Thursday, November 23, 2006

Microsoft’s Vista and Office 2007: bad news for pirates

Can Microsoft’s latest anti-piracy protections really stop the Vista and Office 2007 pirates, or will pirates finally have to walk the plank?

Efforts to stamp out piracy have been with computers since it became possible to make a copy of a program and run it on another computer successfully. Anti-piracy software, code wheels, license keys, hardware dongles and more all failed in some way, either through the use of a master key code, a crack that turned trial software into the full version, removed the check for dongles, or somehow picked the lock of anti-protections.

But now that almost all computers and an increasing array of electronic devices are almost permanently connected to the Internet, or can be wirelessly Net connected in just a few seconds, anti-piracy features that are delivered and updated over the Internet are starting to change this forever.

Copies of Vista and Office 2007 installed from a friend’s CD or DVD will need a valid license key within 30 days or will enter into a ‘reduced functionality mode’, severely limited the ability to use the software. This is actually nothing new, with XP and Office 2003 already having these features for years.

But with the Windows Genuine Advantage (WGA) and the nearly 18 month old Office Genuine Advantage (OGA) program in full swing, even if pirates are able to ‘crack’ copies of Vista and Office 2007 to work without activation, if you want to get Vista and Office updates, you’ll be subjected to a Genuine Advantage check. If you don’t pass, you don’t get updates.

With Vista, it might get more serious that than. The Software Protection Program (SPP) may kick in and give you nothing but a browser screen and Internet access (if it’s already automatically on), and logging you out after an hour. You can keep logging in every hour, but with only access to one browser window, you’ll need to make your software legitimate, either by buying a license key online there and then with a credit card, or loading a licensed copy of Vista from DVD.

That’s what already happens after 30 days with Vista if you haven’t activated your copy, but if Microsoft could detect that your copy was pirated with some kind of crack, they could easily get this to activate immediately or with very little warning.

If that happens to pirates, they won’t be very happy, and what will ensue is a tit-for-tat war between pirates and Microsoft, with the pirates breaking the protections and then Microsoft identifying the pirate copy and the cycle starting again, virtually ad infinitum like a guerrilla war.

It’s Microsoft against not only the software pirate ‘rebel’ insurgents, but all those other companies offering free, cheaper or just different alternate versions, like Mac OS X against XP and Vista, Corel’s Wordperfect Suite against Office or Google’s Docs and Spreadsheets against office.

And as Microsoft is planning to license the SPP system to other companies, some of whom are building their own version of the same thing, it’s going to get a lot harder for the pirates to use their pirated software in peace. There’s also always the chance that the WGA or OGA systems are malfunctioning or hacked, and your legitimate copies are flagged as pirate copies, with this already happening earlier on during the WGA program.

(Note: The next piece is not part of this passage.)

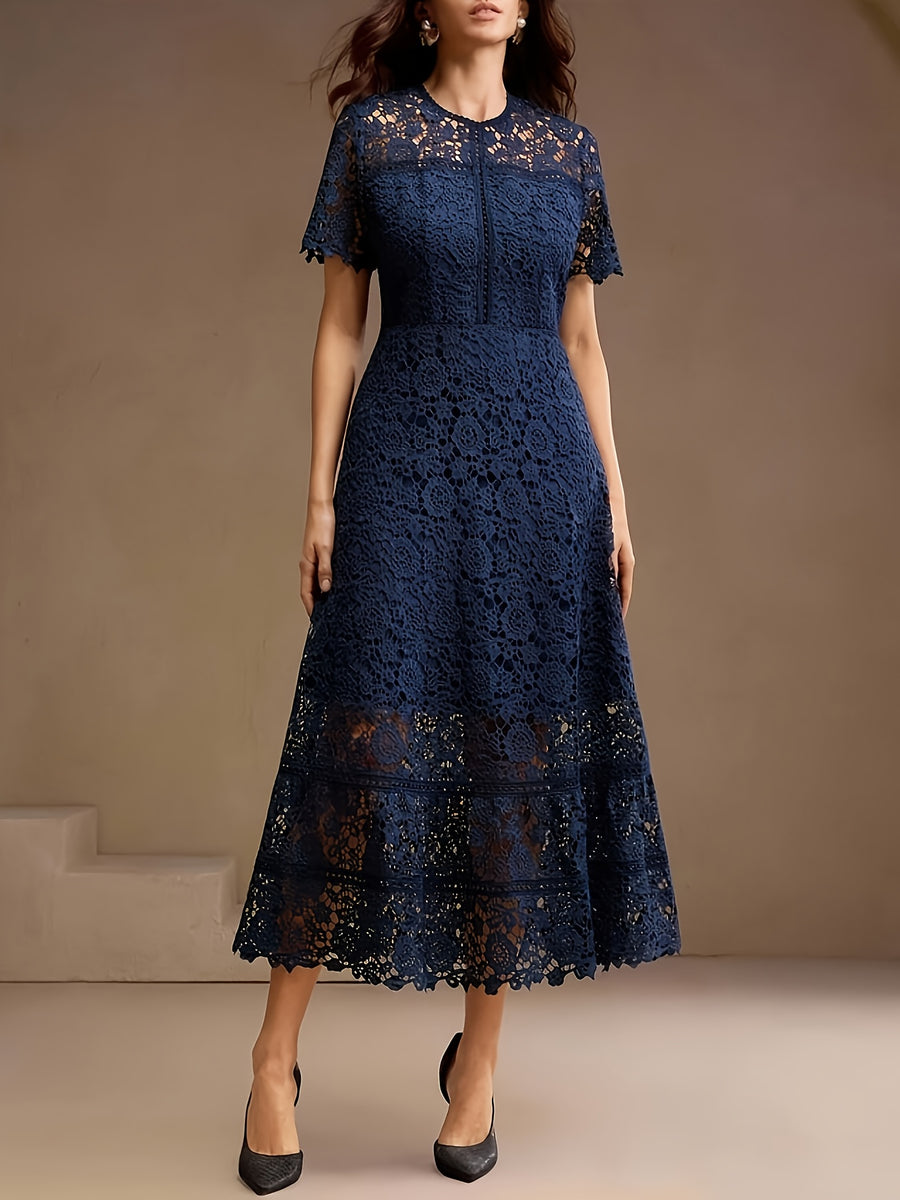 French Lace Cut-out Dress, with a Fashionable Ruffled Panel Design, Features a Flattering Waistline for an Elegant Look, Perfect for Any Formal Occasion. Women's Fashion Must-have - Navy Color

But if this happened on any scale again, Microsoft would theoretically scramble to fix it as quickly as possible, especially if it was widespread, as news would leak and people would report problems to journalists if they didn’t get any positive action to fix the problem.

With much of the world’s software empires having some form of pirate user base, with Windows and Office being two big examples of software that has always been highly pirated, people used to using Microsoft software free of charge to save a few bucks will either have to put up with older versions, actually pay for a licensed copy, try a free or a cheaper alternative, or play the piracy game with Microsoft and the software coders that try to get around the protections.

The goal of a PC on every desk, while not globally fulfilled with billions yet to use a PC, has been nevertheless so successful that it has still given Microsoft billions of dollars in revenues and profits, while giving users all kinds of new capabilities even if they were intertwined with the occasional Blue Screen of Death.

One school of thought says that Microsoft would sell hundreds of millions more copies if only the software was cheaper – imagine if Windows Ultimate was only US $99. Why wouldn’t you buy it? At US $399, and $759 in Australia, it’s not hard to imagine why pirates might want to avoid paying. But in a free market, a company is free to charge what it chooses, with competition providing the incentive to keep prices low.

But even with free operating systems and alternate office suites, browsers and plenty of other free or inexpensive software out there, Microsoft is still the people’s choice with a 90%+ installed user base.

Yes, part of the user base was made up of pirate copies, but that helped, over the years, to turn Microsoft software into the most widely used standard. Of course, hundreds of millions of legitimate sales did that too, with Microsoft reaping rich rewards and becoming the world’s No.1 software company.

Now that most users are connected to the Internet, Microsoft can enforce the licensed use of their software much more easily than ever before. If you’ve pirated in the past and want to keep on using Microsoft’s latest software, well... this time around, you might just find yourself paying, whether by buying retail copies, or getting Vista and Office pre-installed (at much cheaper rates than boxed retail copies when subtracted from the cost of the hardware) on a brand new desktop or laptop PC.